The leadership of the Forum of Islam in France will be made up of clergy and lay people to help oversee Western Europe’s largest Muslim population. The government will hand-pick all of its members, with women accounting for at least a quarter of the total.
Supporters argue that it will keep the country and its 5 million Muslims secure, and that Muslim activities in France will adhere to the country’s cherished tradition of public secularism.
Yet critics, including many Muslims who consider the religion a part of their French identity, say the government’s latest initiative is another step in institutionalized discrimination that holds the whole community responsible for violent attacks of a few and serves as another barrier in their public lives.
It replaces the French Council of Muslim Faith, a group set up in 2003 by former President Nicolas Sarkozy, then interior minister. The Council served as an interlocutor between the government and religious leaders.
“We must turn the page,” Interior Minister Gerald Darmanin said at the forum’s inaugural meeting Saturday at The Economic, Social and Environmental Council in Paris. “We are restarting relations between the state and the faith (based on) a new form of dialogue that will be more open, more inclusive and more representative of Islam’s diversity in France.”
Islam is the second religion in France, with no single leader and multiple strains represented, from moderate to Salafist with a rigorous interpretation of the religion to outright radical upstarts.
Macron’s project includes measures like training imams in France instead of bringing them in from Turkey, Morocco or Algeria, a plan many in the Muslim community approve of. It also breaks the centralized leadership of clerics.
“A single representative of the Muslim faith, who is a master of all trades, no longer exists,” Darmanin said. Women and men “who draw their legitimacy from their work and expertise in a field” will engage in the dialogue with the state, he explained.

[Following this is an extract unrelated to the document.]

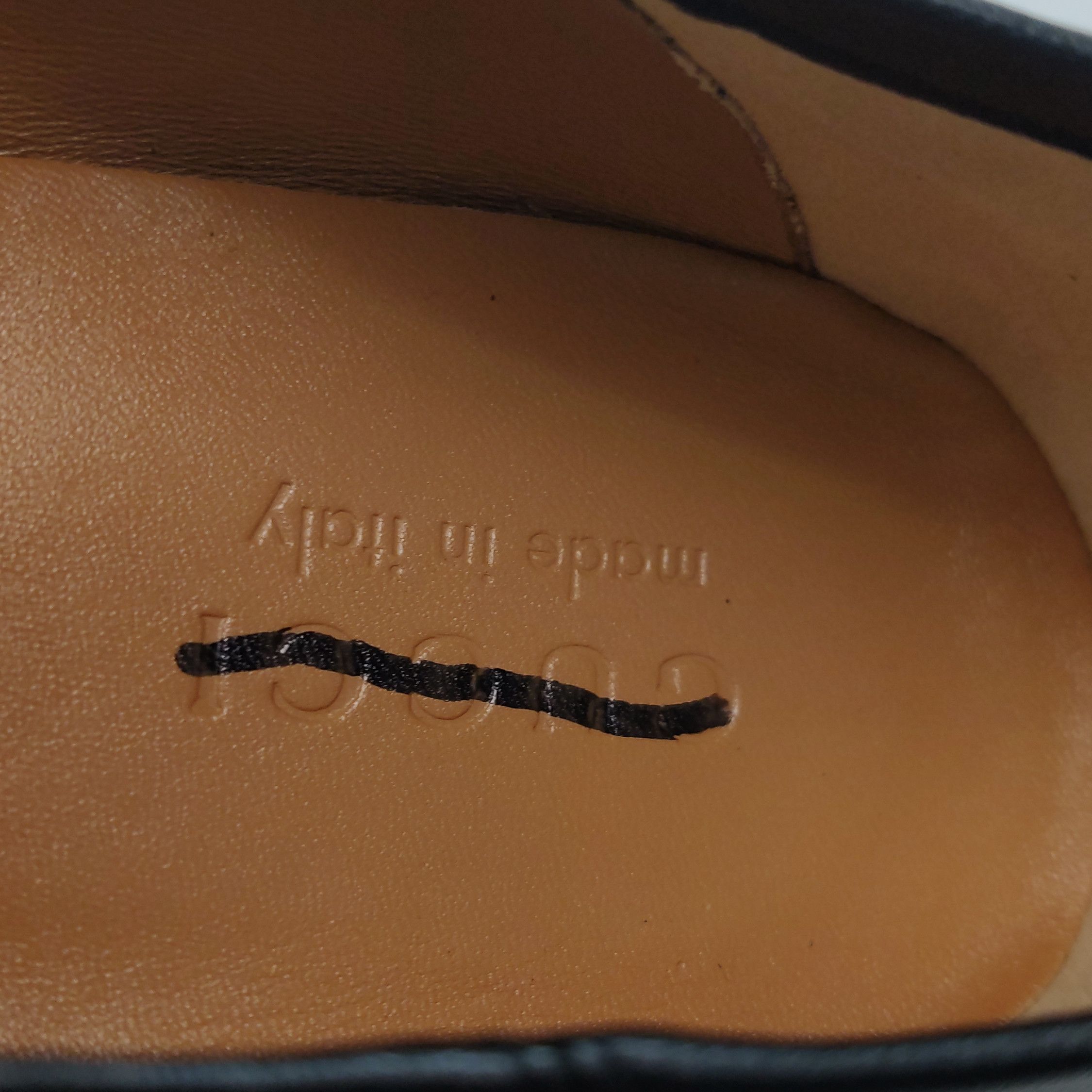 Gucci Gucci Men 10 Leather Size US 10 / EU 43 - 17 Thumbnail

Muslims are divided over the project. Some believers visiting the Grand Mosque of Paris for Friday prayers cautiously welcomed the idea, while others worry it’s going too far in trying to control their faith, or say that the government has singled out Islamic institutions but would not dare suggest such changes to Christian ones.
Hamoud ben Bouzid, a 51-year-old Parisian, was optimistic about Macron’s plan and his effort to include different voices from the Muslim community to show to the wider society its diversity. Members of the clergy “don’t speak for every Muslim citizen” of France, he said.
“We live in a secular country, so why not expand the forum and give voice to many more Muslims in France?” ben Bouzid said. “I would like Muslims to be heard as citizens in this country, not as Muslims. As full citizens.”
Muslims in France have long complained of discrimination in daily life, from being singled out by police for ID checks to discrimination in job searches. Whenever extremist violence hits, by foreign-born attackers or by French-born youth, France’s own Muslims come under suspicion and pressure to denounce violence.
Last year the French parliament approved a law to strengthen oversight of mosques, schools and sports clubs. The government says it was needed to safeguard France from radical Islamists and to promote respect for secularism and women’s rights. The law has been used to shut down multiple mosques and community groups.